Dans une déclaration faite dans certains bureaux de vote à Dakar, le président de la commission indépendante des élections, Doudou N’Dir a dit que l’opération se déroulait normalement, les sénégalais a-t-il dit sont soucieux de remplir leur devoir national en se rendant dans les bureaux de vote et de choisir les listes pour lesquelles ils vont voter.

Le pari de Dakar

Les paris sont nombreux lors de ces élections municipales mais le test le plus important est celui de la popularité des partis politiques, notamment à Dakar qui constitue, selon les sénégalais l’indicateur de succès dans chaque élection.

La maire sortante de la capitale, Soham El Wardini, porte les couleurs de la majorité pour un nouveau mandat face au ministre de la santé Abdalla Diouf Sarr.

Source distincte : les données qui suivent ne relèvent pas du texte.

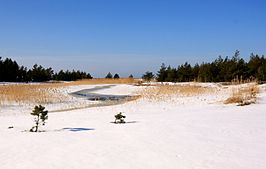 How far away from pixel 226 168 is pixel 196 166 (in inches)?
16.8

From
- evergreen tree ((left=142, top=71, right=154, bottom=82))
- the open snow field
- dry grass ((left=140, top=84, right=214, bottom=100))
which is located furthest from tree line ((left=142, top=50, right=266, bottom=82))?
the open snow field

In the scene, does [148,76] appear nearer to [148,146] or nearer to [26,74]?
[26,74]

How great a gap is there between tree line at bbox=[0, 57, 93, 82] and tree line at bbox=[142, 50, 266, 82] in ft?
77.3

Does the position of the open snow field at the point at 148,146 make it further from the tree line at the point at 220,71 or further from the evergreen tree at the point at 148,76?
the evergreen tree at the point at 148,76

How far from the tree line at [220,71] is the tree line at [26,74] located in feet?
77.3

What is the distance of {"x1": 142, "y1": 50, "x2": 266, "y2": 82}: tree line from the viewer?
154 ft

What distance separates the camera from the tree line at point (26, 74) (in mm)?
65875

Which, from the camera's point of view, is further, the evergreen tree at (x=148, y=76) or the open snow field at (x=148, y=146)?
the evergreen tree at (x=148, y=76)

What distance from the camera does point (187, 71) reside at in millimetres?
55906

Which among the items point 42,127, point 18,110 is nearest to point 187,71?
point 18,110

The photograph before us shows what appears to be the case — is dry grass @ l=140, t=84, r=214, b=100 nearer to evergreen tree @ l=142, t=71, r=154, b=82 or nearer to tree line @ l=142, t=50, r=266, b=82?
tree line @ l=142, t=50, r=266, b=82

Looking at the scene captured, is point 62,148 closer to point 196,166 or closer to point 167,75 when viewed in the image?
point 196,166

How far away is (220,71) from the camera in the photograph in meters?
51.0

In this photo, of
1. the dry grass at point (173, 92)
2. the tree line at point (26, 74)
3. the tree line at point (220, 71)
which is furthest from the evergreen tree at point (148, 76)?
the dry grass at point (173, 92) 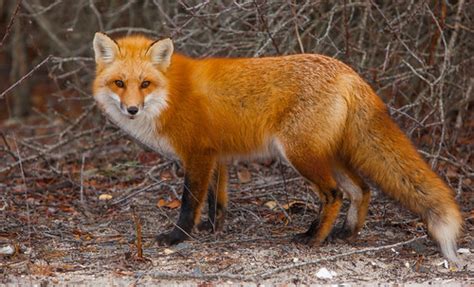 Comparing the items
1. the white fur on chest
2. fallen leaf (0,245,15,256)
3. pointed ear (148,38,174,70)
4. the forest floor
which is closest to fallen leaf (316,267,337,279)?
the forest floor

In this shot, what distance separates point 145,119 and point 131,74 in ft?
1.10

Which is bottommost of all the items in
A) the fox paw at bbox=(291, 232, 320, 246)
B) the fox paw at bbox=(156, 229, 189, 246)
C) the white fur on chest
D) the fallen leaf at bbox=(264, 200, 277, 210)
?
the fallen leaf at bbox=(264, 200, 277, 210)

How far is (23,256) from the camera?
17.2ft

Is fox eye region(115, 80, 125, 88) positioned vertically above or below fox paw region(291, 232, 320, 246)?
above

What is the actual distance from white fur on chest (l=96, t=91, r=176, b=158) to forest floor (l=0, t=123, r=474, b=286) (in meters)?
0.71

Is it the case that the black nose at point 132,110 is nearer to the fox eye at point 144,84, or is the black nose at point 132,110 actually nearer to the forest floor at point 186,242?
the fox eye at point 144,84

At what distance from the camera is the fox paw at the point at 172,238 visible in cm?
552

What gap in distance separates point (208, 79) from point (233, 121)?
0.37 m

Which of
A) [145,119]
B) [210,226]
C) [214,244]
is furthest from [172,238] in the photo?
[145,119]

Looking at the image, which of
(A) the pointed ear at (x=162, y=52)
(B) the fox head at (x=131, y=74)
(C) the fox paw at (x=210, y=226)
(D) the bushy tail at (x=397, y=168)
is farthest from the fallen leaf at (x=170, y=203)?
(D) the bushy tail at (x=397, y=168)

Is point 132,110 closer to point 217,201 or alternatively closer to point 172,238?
point 172,238

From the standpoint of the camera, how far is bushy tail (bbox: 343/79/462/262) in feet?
16.6

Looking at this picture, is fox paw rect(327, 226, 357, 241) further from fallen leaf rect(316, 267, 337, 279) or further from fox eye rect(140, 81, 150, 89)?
fox eye rect(140, 81, 150, 89)

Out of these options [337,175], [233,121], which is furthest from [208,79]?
[337,175] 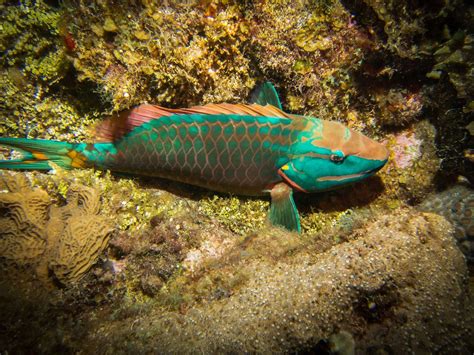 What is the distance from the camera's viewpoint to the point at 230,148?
3.47 meters

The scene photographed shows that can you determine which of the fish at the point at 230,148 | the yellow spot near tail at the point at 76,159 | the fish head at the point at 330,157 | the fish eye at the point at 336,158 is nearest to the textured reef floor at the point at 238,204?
the yellow spot near tail at the point at 76,159

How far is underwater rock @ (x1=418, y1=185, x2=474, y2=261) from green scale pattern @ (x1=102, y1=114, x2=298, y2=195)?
6.08ft

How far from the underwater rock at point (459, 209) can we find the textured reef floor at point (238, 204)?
0.06ft

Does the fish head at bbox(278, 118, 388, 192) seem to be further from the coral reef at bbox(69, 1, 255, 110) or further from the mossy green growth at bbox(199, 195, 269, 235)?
the coral reef at bbox(69, 1, 255, 110)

Ils seront face au candidat de l’opposition Barthélémy Diaz, briguant tous les trois les voix de près de deux millions d’électeurs inscrits dans les quartiers de Dakar qui constitue la plus grande circonscription électorale du pays.

Le doute de l’opposition

A Ziguinchor, dans l’extrême sud du Sénégal, l’opposition présente Ousmane Sonko, un ancien candidat à la présidence de la république à la mairie de la ville d’une grande importance.

Celui-ci, qualifié de candidat féroce et populiste, a déjà exprimé des doutes quant à la régularité du scrutin, évoquant à propos la possibilité de fraude, et a déclaré que certains de ses partisans « n’avaient pas reçu leurs cartes d’électeur à temps ».

Des médias locaux ont fait état d’affrontements entre les partisans des deux camps à Ziguinchor qui ont fait deux blessés avant que n’interviennent les forces de l’ordre.

Le vote s’est poursuivi au-delà de l’heure prévue pour la fermeture des bureaux les files étaient encore longues devant certains bureaux.

Selon l’agence sénégalaise de presse (APS), citant la commission nationale indépendante des élections, le vote s’est poursuivi au-delà de l’heure fixée pour la fermeture des bureaux à cause de la forte affluence des électeurs.

Le dépouillement a commencé dans bon nombre de bureaux de vote notamment dans la région de Kaolack où la participation a atteint les 41% à 16H soit deux heures avant la fermeture des bureaux.